• **Activity**:
All that is needed is an exact repetition of the lines from the one containing "REPARTO TOXICROAK SUPER" through the final line of the material, without pictures.

• **Source material**:
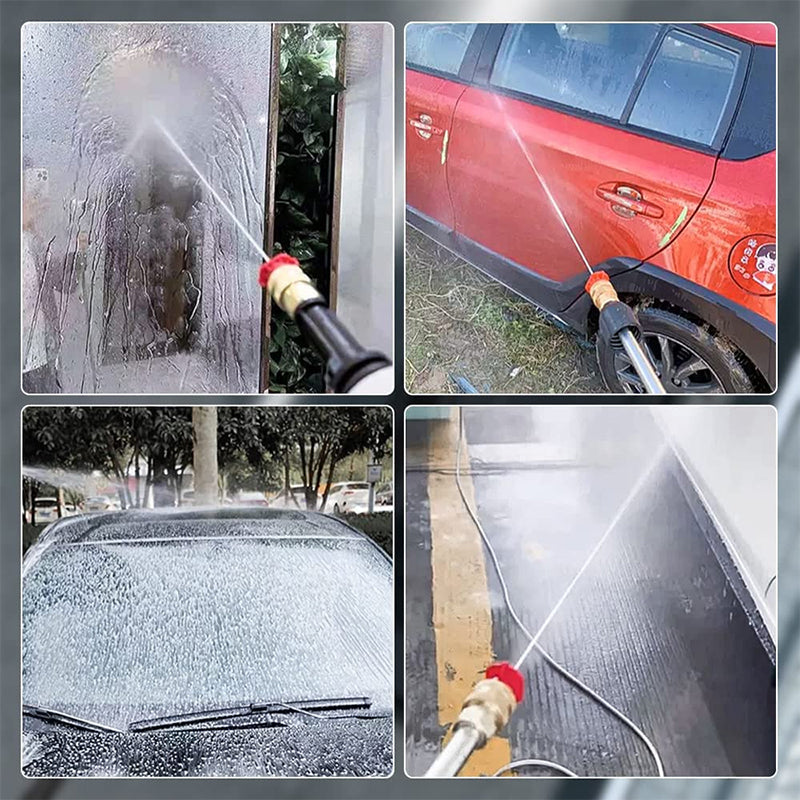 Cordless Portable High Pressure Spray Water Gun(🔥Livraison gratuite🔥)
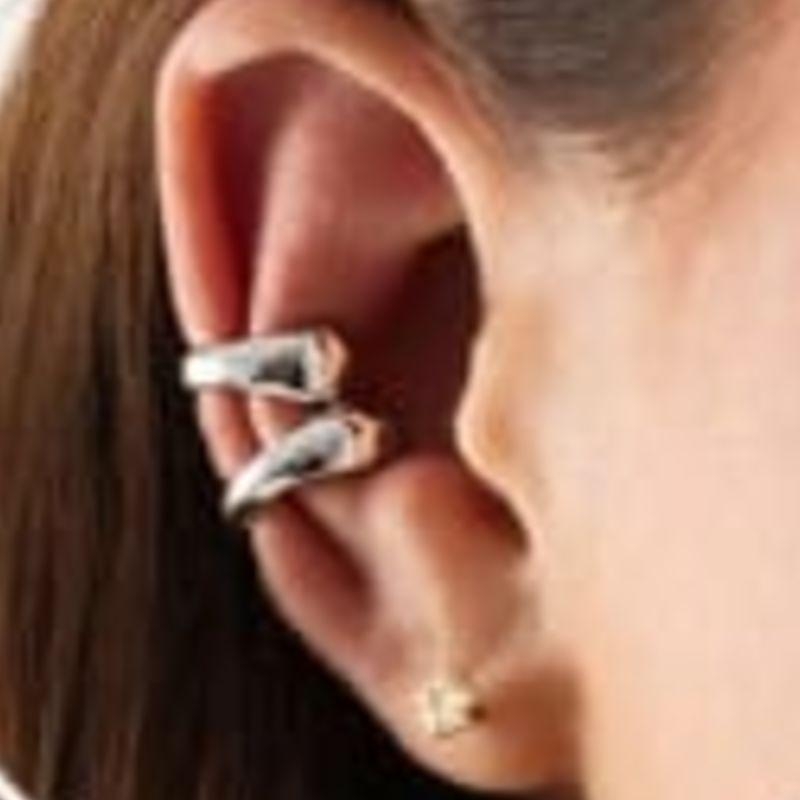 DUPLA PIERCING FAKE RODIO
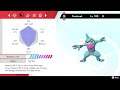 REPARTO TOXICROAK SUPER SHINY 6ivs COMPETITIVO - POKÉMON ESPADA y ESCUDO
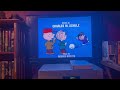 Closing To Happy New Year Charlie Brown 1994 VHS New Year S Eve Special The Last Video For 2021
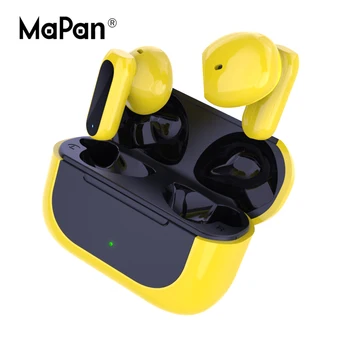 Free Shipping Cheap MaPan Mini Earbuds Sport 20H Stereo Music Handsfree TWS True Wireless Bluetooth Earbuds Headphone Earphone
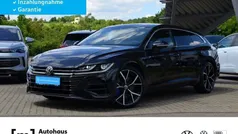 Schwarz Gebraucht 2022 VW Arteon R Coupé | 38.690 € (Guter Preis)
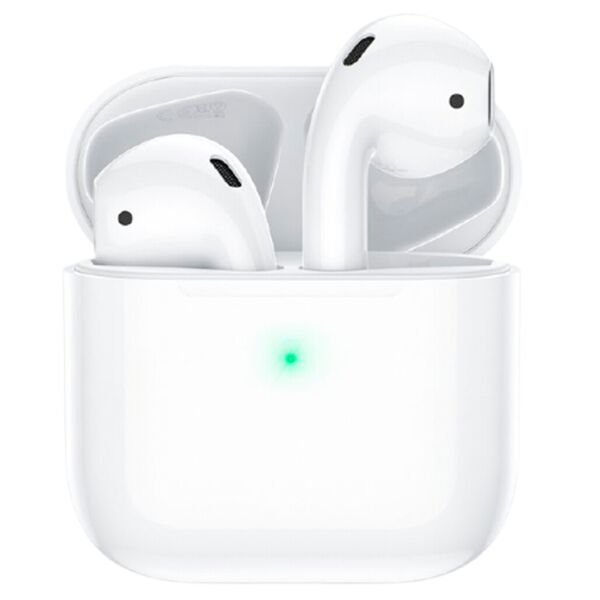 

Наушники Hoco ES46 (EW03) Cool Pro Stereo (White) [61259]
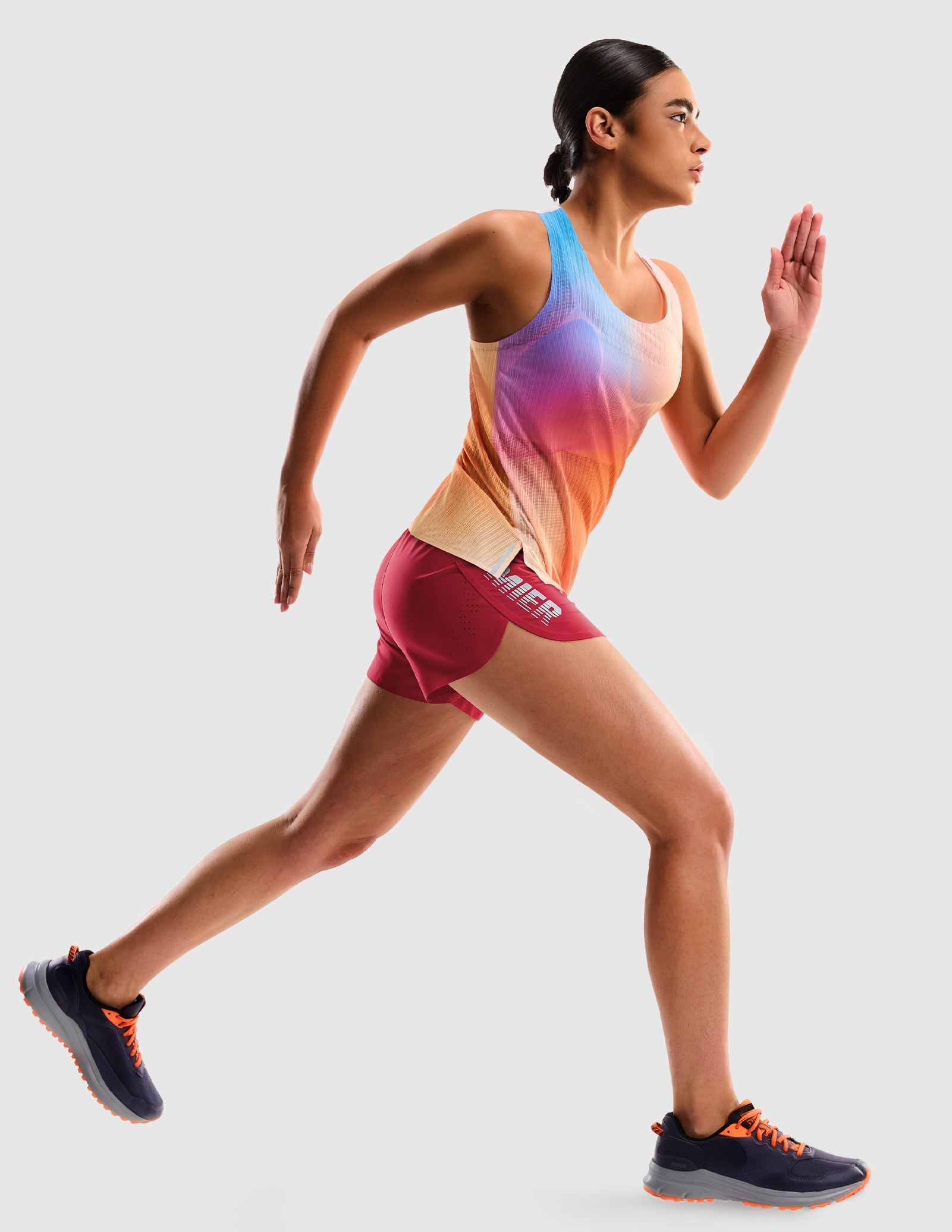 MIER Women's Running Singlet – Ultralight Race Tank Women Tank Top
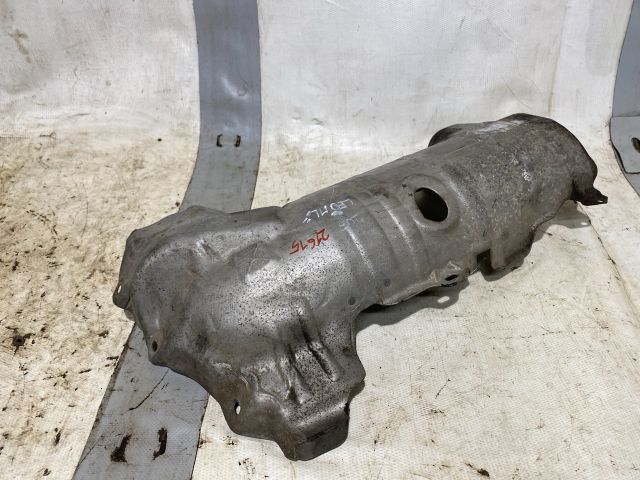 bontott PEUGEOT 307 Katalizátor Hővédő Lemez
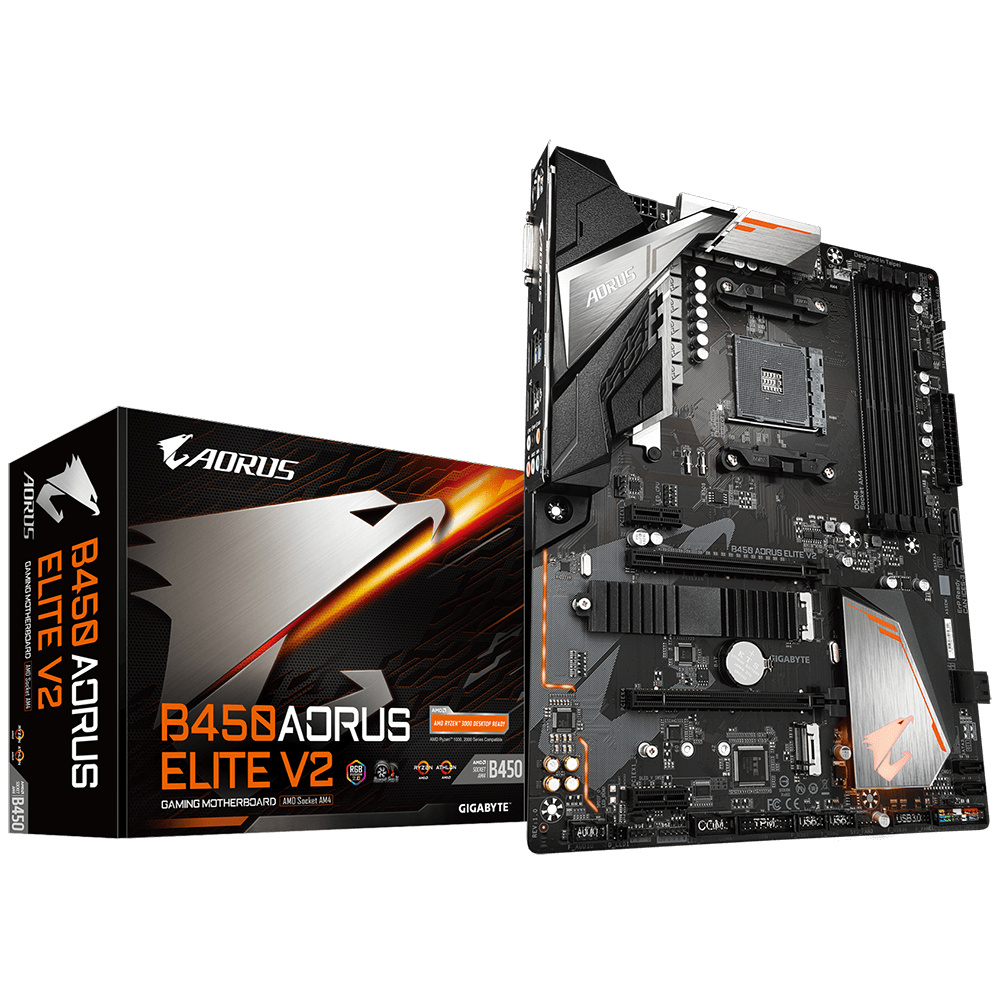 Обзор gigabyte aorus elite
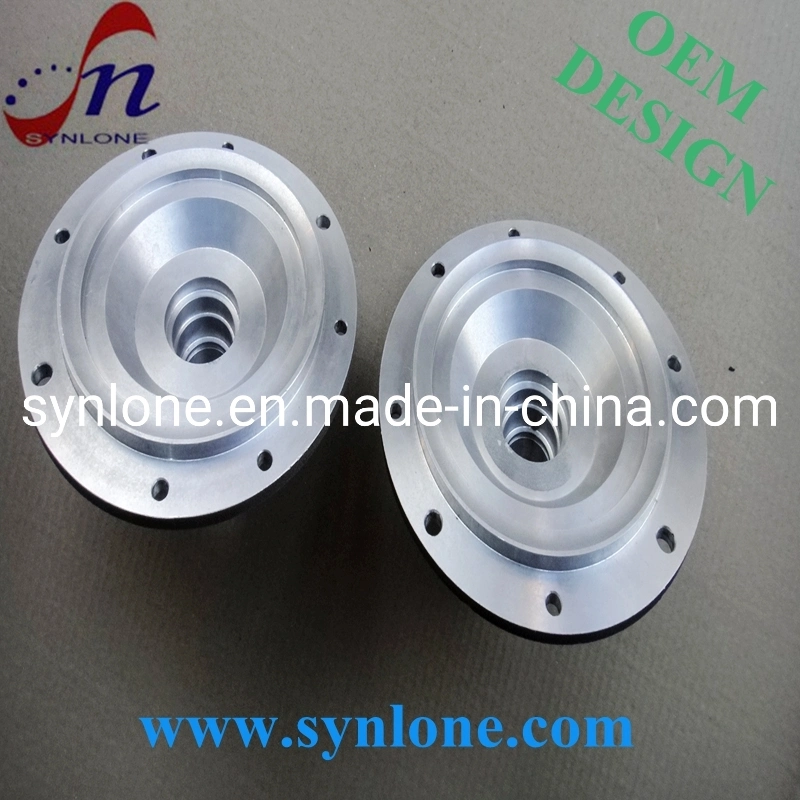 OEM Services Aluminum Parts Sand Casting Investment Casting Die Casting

• **Solution**:
 REPARTO TOXICROAK SUPER SHINY 6ivs COMPETITIVO - POKÉMON ESPADA y ESCUDO
 Closing To Happy New Year Charlie Brown 1994 VHS New Year S Eve Special The Last Video For 2021
 Free Shipping Cheap MaPan Mini Earbuds Sport 20H Stereo Music Handsfree TWS True Wireless Bluetooth Earbuds Headphone Earphone
 Schwarz Gebraucht 2022 VW Arteon R Coupé | 38.690 € (Guter Preis)

Наушники Hoco ES46 (EW03) Cool Pro Stereo (White) [61259]
 MIER Women's Running Singlet – Ultralight Race Tank Women Tank Top
 bontott PEUGEOT 307 Katalizátor Hővédő Lemez
 Обзор gigabyte aorus elite
 OEM Services Aluminum Parts Sand Casting Investment Casting Die Casting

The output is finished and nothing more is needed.